This explanation is a bit generalized.

Stoneburner,

A surface energy of 45 dynes/cm?  What does this refer too? Mike

You need to get the Blue Surfboard Foam XPS— end grain high density stuff. In my experience rough blank and pookey holes works.

I have heard of the DOW surfboard foam but have never seen a source for it.  Your link lists it but has no data sheet for it.  I thought I read somewhere that DOW does not sell it anymore.

I have a little Highload 40 and 60.

I am just expermenting to see if I can get better bonding with less scoring.  I am using the low density pink because it does tear so easily. I figured a peel test with low density foam would be a good simiple indicator of bond strength because it tears easily.  I can get the low density pink locally for experimenting.

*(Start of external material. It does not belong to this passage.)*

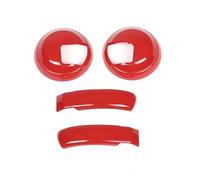 Stainless Steel Console Molding Cover For Fiat 500 For Abarth 595 2010-2025 Car Interior Handle Panel Decorative Cover ABS Carbon Fiber Pattern 4 Pcs(Red)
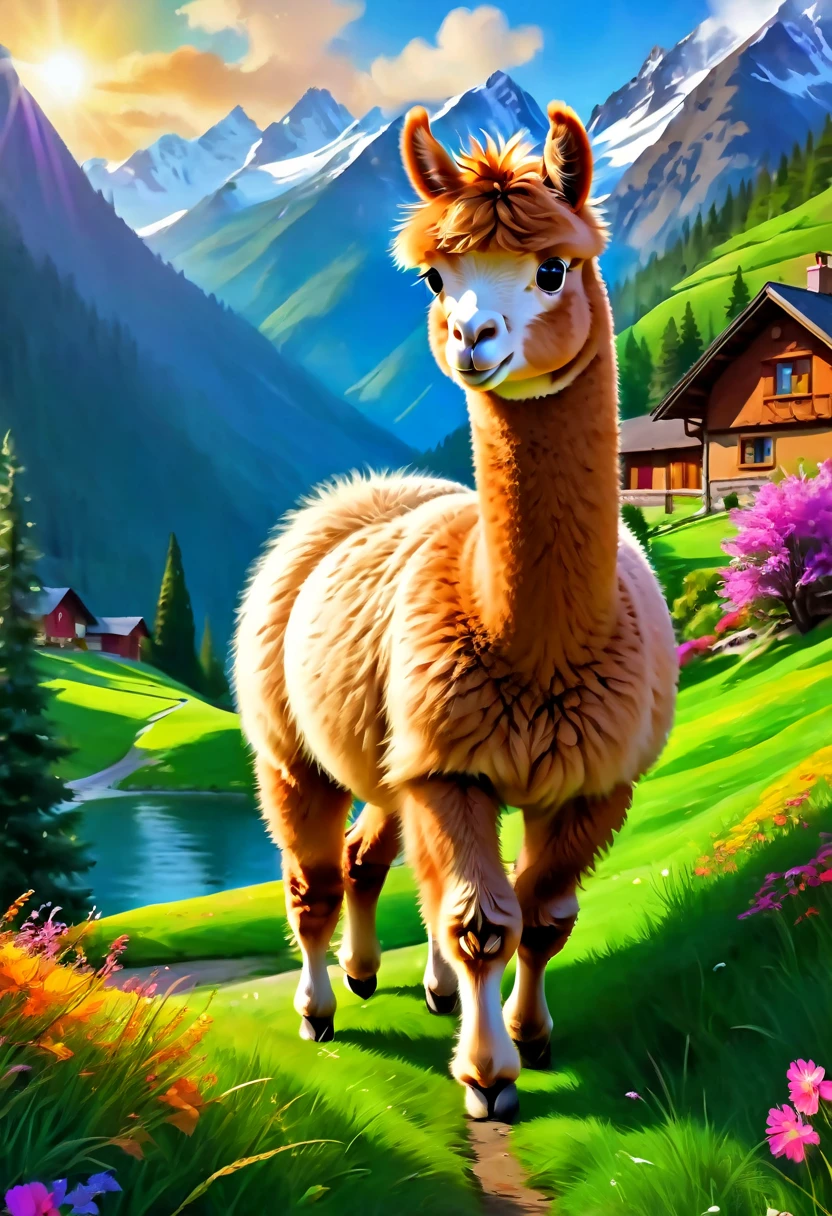 An Alpaca, aesthetic, best quality,ultra-detailed,realistic,photorealistic,alpaca,random activities,funny expressions,fluffy fur,cute eyes,curious pose,playful behavior,beautiful landscape,green grass,tall mountains,vibrant colors,sunshine,soft lighting,adventurous spirit,pure joy,memorable moment,artistic style,creative composition,colorful palette,harmonious atmosphere,ethereal ambiance,vivid details,dynamic motion,joyful energy,surreal elements,imaginative interpretation,sense of wonder,whimsical touch,playful imagination,unpredictable actions,mischievous smile,lively personality,surprising encounters,unexpected scenarios,endearing sight,delightful surprises,magical moments,fantastical elements,heartwarming scenes,cherished memories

It is an abstract concept that I have a limited grasp of.  It is related to the energy needed to create and maintain a surface – like the formation of a water drop.  All materials with surfaces have it.  For fluids, it indicates how well a fluid will spread/wet-out on solid surfaces. Here is a definition from Wikipedia:  

  1. Surface energy, or interface energy, quantifies the disruption of intermolecular bonds that occur when a surface is created.  Surface energy is conventionally defined as the work that is required to build a unit area of a particular surface.

I was not really aware of it until I started learning about how epoxy bonds with surfaces.  All compounds with surfaces have their own unique surface energy value (polyethylene = 32; polystyrene = 34; 6,6 nylon = 42; glass = 250-500; etc.).

I have some links about epoxy surface energy and its bonding that I could give you.  

The take away is that epoxy adheres better with solid surfaces that have surface energy values equal to or greater than 45 dyne/cm.

This feature is adjusted by epoxy glue elasticity. Mechanical energy is force x displacement.

Why skin delam ? because forces between skin (+glue) is higher than adhesion forces between glue and foam. 2 parts in this problem.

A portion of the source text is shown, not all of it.